Postby _________ » Fri Feb 21, 2014 2:26 am

Congratulations, you've done the same thing Steve Reich started doing a few decades ago. It's called "phasing". The cool thing, in his opinion, is how things progress through these various stages of cohesiveness and chaos.

The rest of this is going to be a little abrasive, because I highly recommend you do some more research before making claims like you have here. You touch on a number of things that have been discussed at length in a number of academic and non-academic circles for quite some time, and there's no scarcity of literature on the matter(s). Indeed, Wikipedia is a great resource for such things; I used the hell out of it when I was just starting to seriously explore melody, harmony, and the realms beyond.
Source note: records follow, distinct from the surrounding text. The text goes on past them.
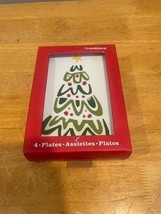 CRATE &amp; BARREL Set Of 4 Christmas Jolly Trees APPETIZER PLATES By Jane D... - $931.02 MXN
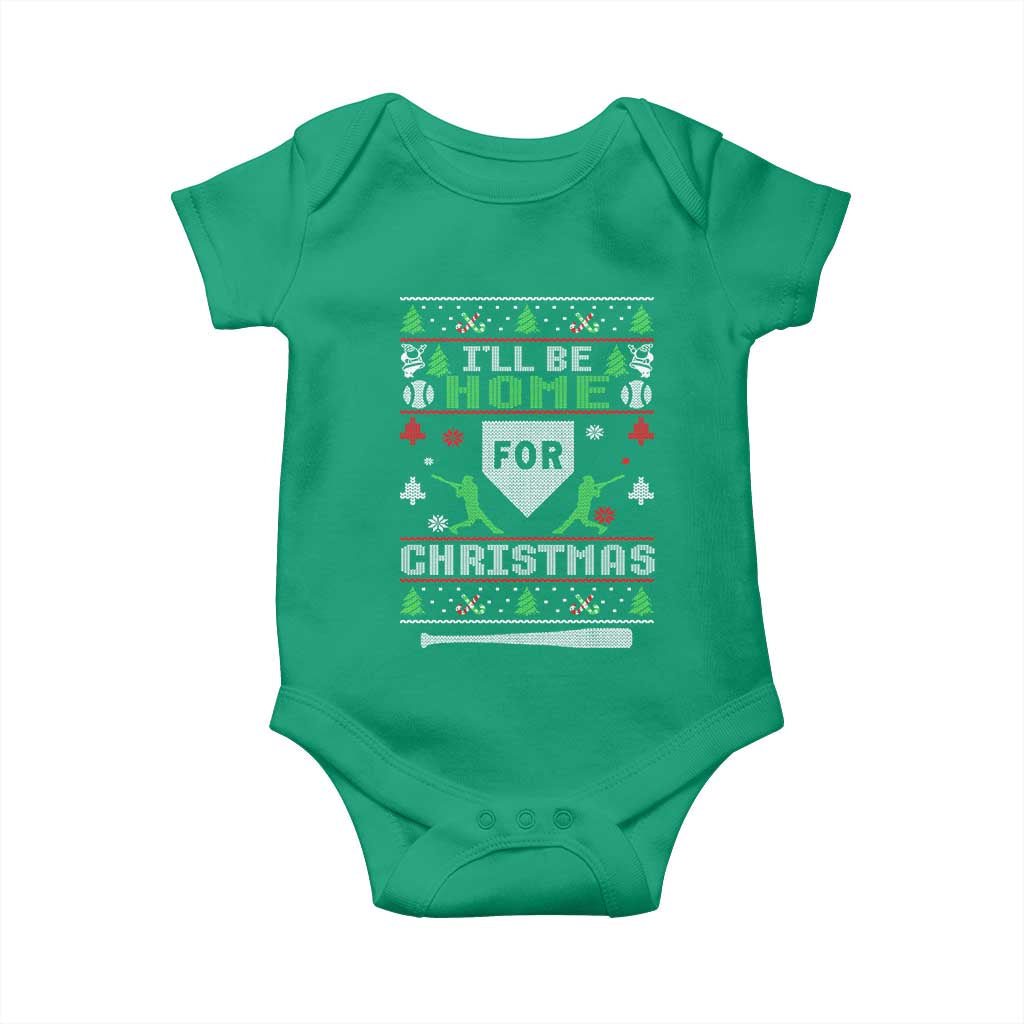 Baseball Ugly Christmas Baby Onesie I'll Be Home For Xmas - Wonder Print Shop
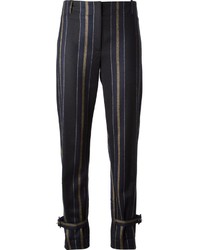 ADAM by Adam Lippes Adam Lippes Buckled Ankles Striped Slim Trousers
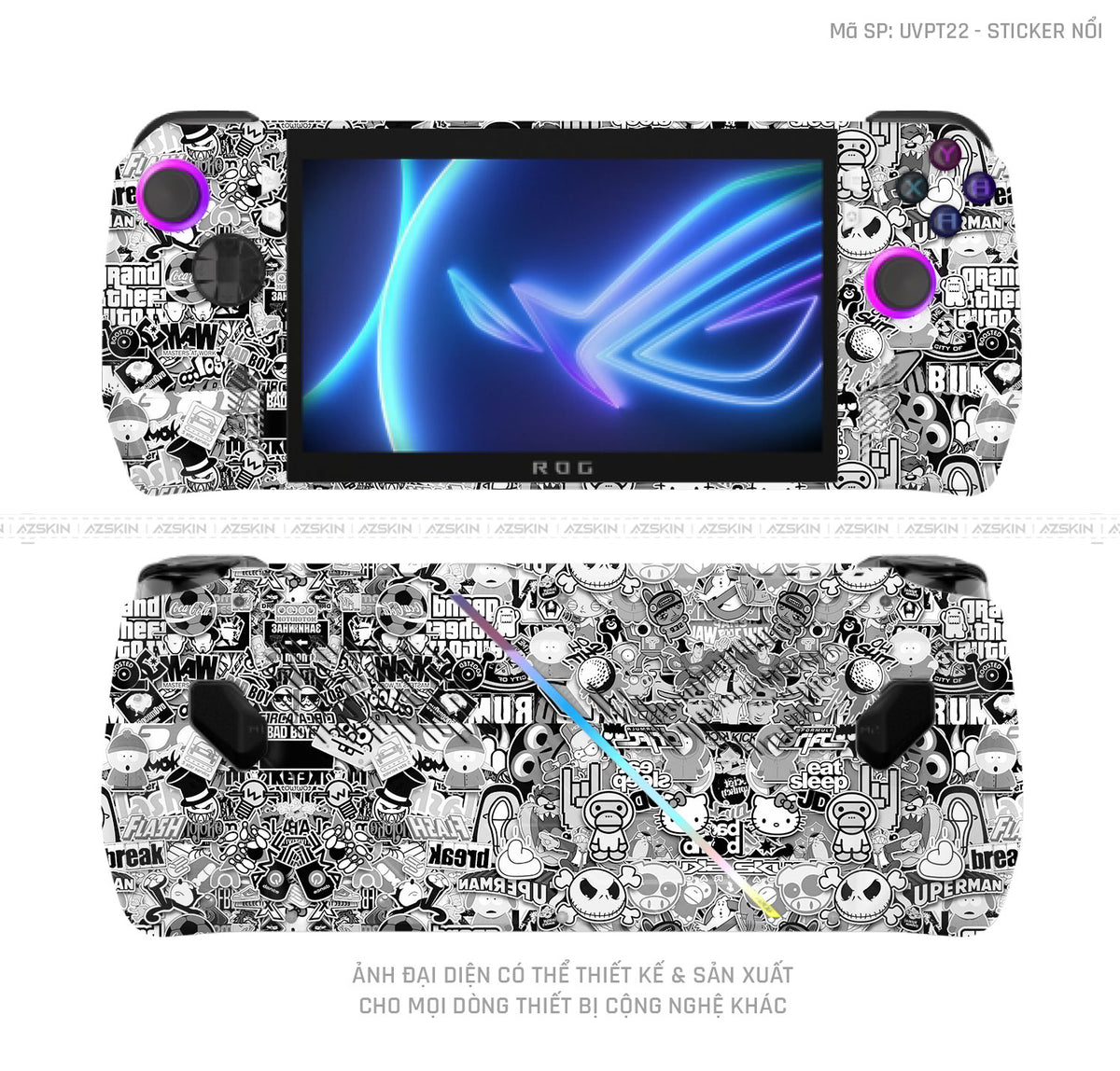 Dán Skin Máy Chơi Game Asus ROG Vân Sticker 02 | UVPT22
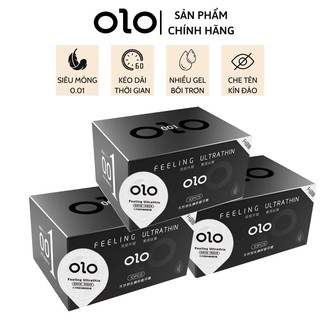 Bộ 3 hộp bao cao su siêu mỏng 001 OLO đen hương vani với 5% benzocain kéo dài thời gian hộp 10c bcs
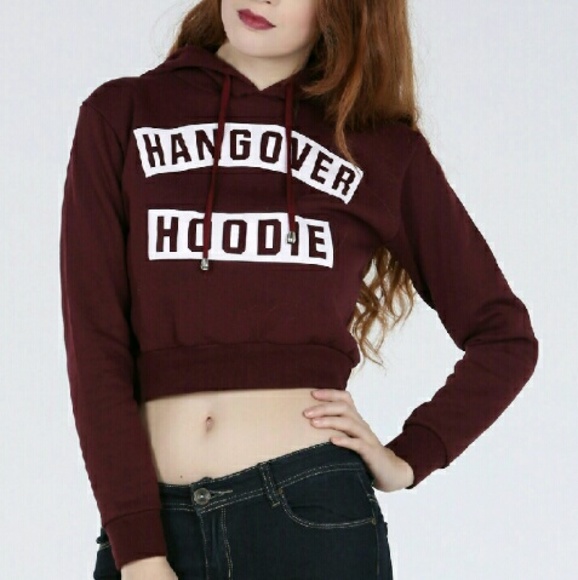 ❌❌ON HOLD❌❌ NEW Maroon cropped Hangover Hoodie
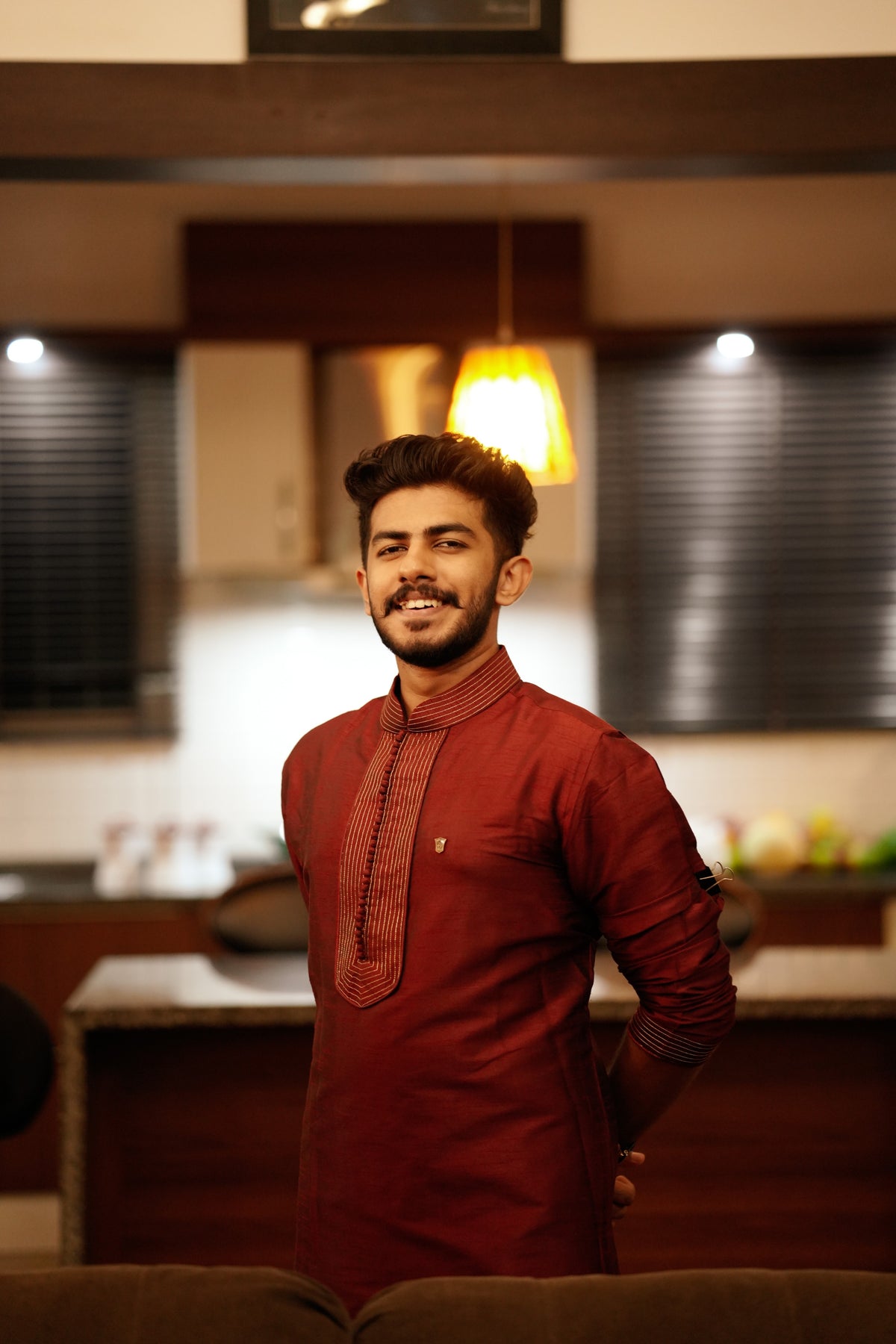 Maroon Red Kurta Set With Golden Zari Stitch Detailing (Kurta + Kasavu Munde)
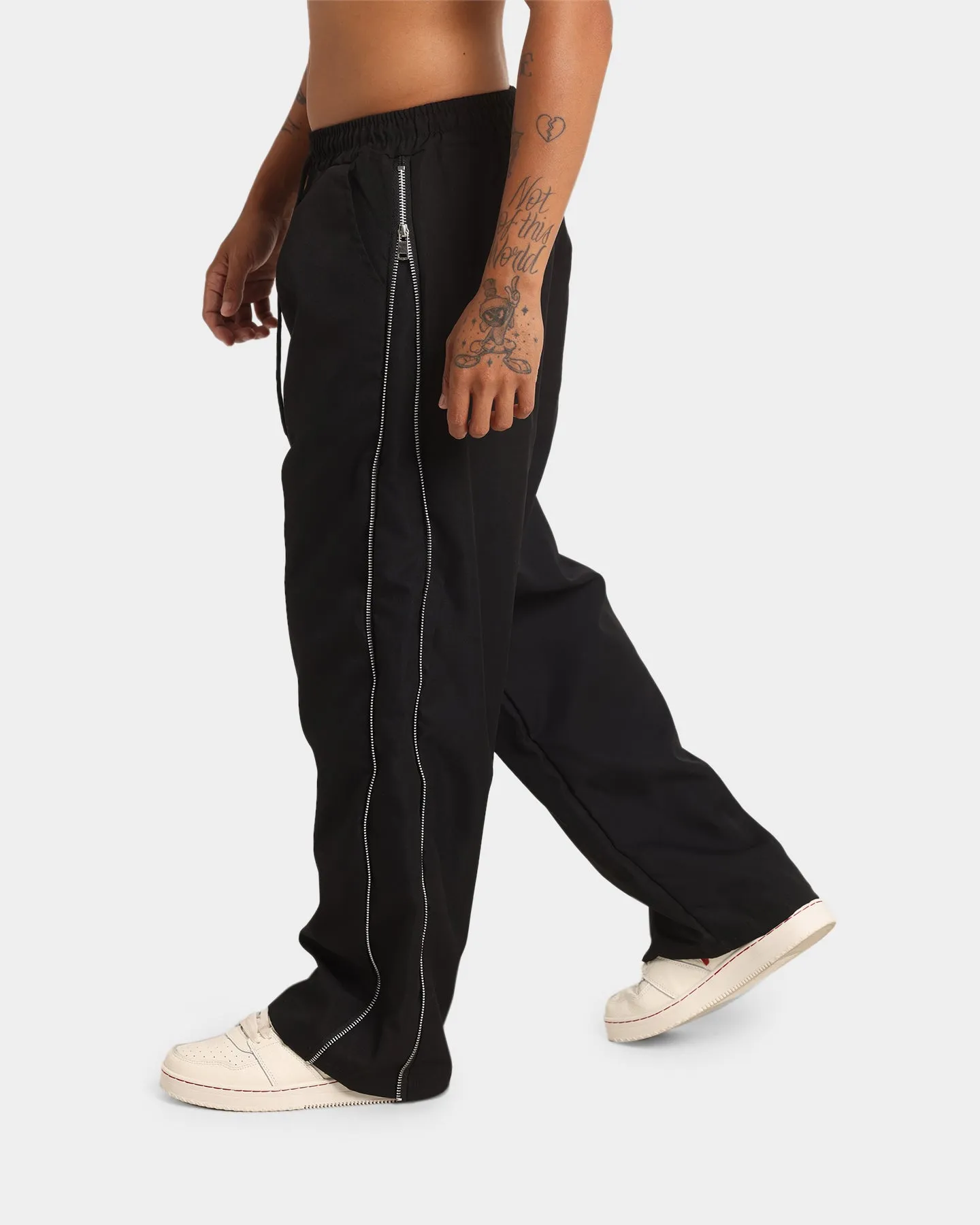 XXIII Ivan Side Zipper Track Pants Black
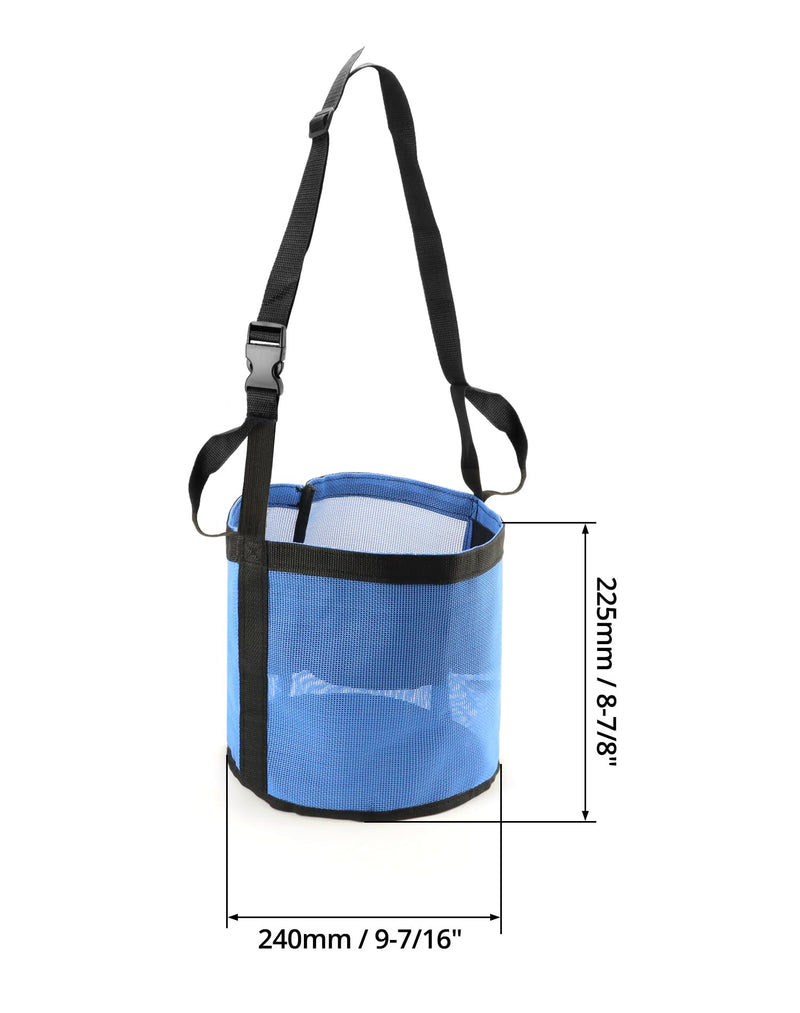 QWORK 2 Pack Horse Feed Bag for Grain - Durable Mesh Grain Feeder with Adjustable Strap, Comfortable Neck and Nose Pad Horse Muzzle Feed Bag, for Feeding Grain, Powder, Supplements, Blue 2 Pcs - PawsPlanet Australia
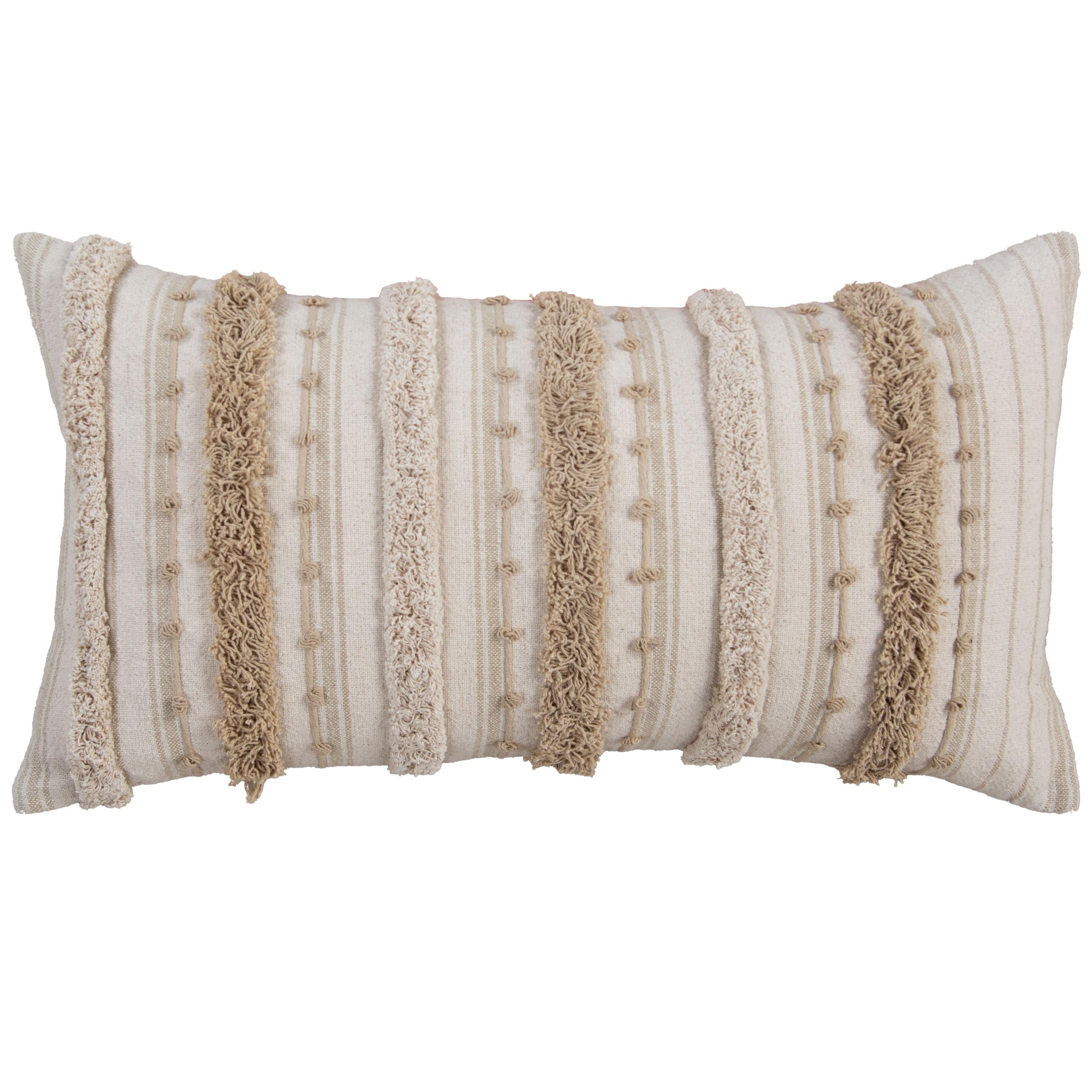 Embroidered Stripe Lumbar Throw Pillow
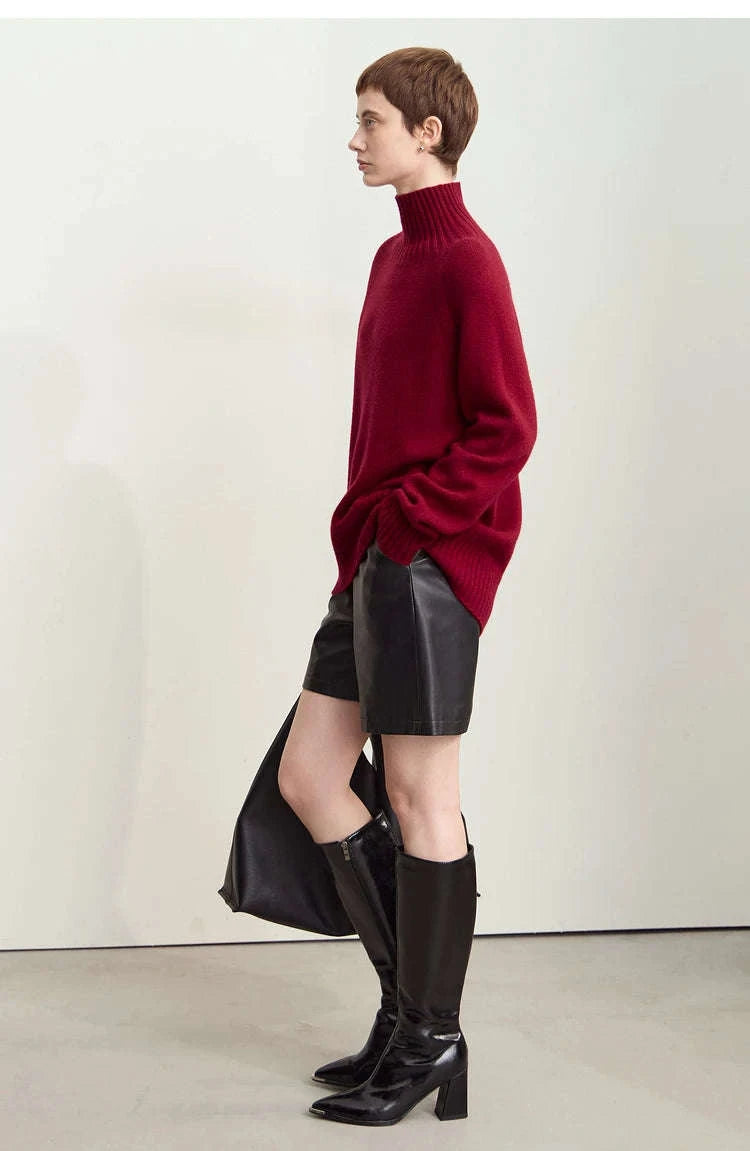 AMII Women’s Wool Turtleneck Sweater Loose Fit Seamless Knit-black / M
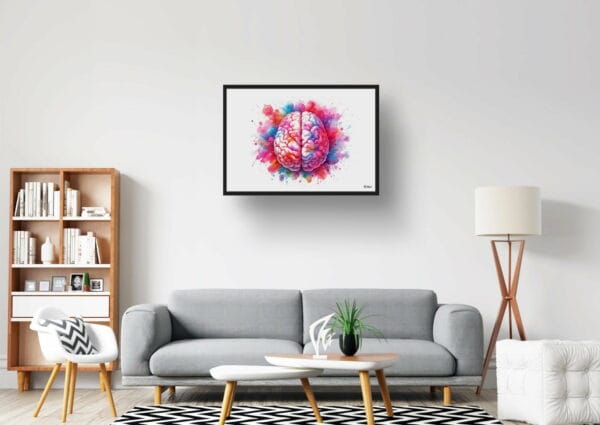 Brain Top Wall Art Print Watercolour Lobes Cerebral Cortex Neurology Medical Doctor Clinic Painting - Image 10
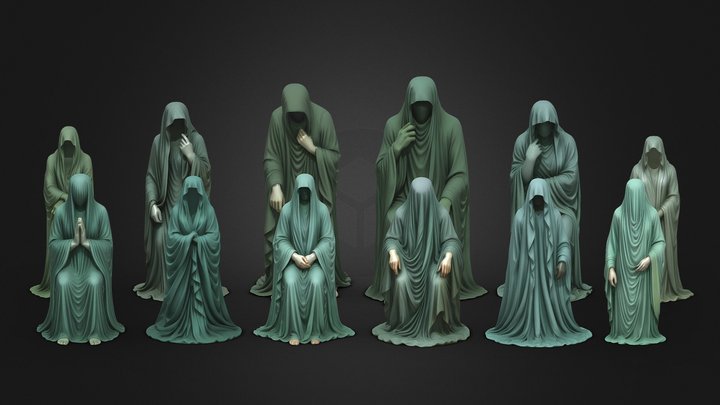 Ghost Statue Pack 3D Model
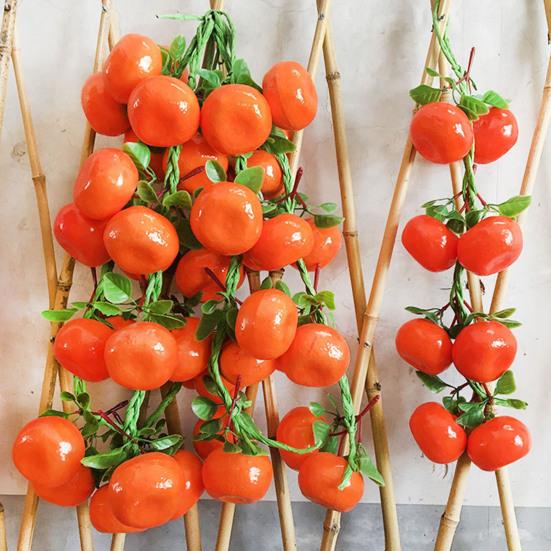4Pcs Artificial Fruit Vegetable Garland Wall Hanging Fake Banana Strawberry Pumpkin Tomato Cucumber Chili String Farmhouse Kitchen Decoration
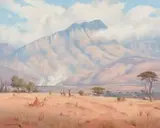 Transvaal Landscape with Figures by Willem Hermanus Coetzer, oil on canvas board, sold May 2013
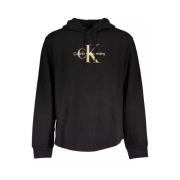 Zwarte katoenen hoodie voor mannen Calvin Klein , Black , Heren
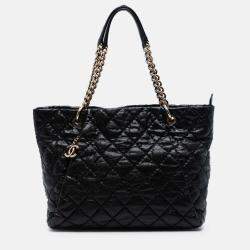 Pre Owned Chanel Black Large CC Quilted Glazed Caviar Coco Pleats Tote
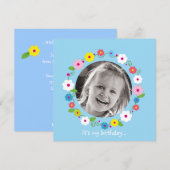 フラワー写真ガール誕生日招待状 招待状 (正面/裏面)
I'm going to be hard on you, and I'll pull no punches--because I have faith that, if you're really interested in music, you'll be able to handle it; being able to handle people telling you, "You're fucking stupid, and you have no talent," is probably the most valuable asset you can possibly have in this (or any) artistic endeavor. So without further ado, here's where you majorly fucked up in the few paragraphs I took the time to read.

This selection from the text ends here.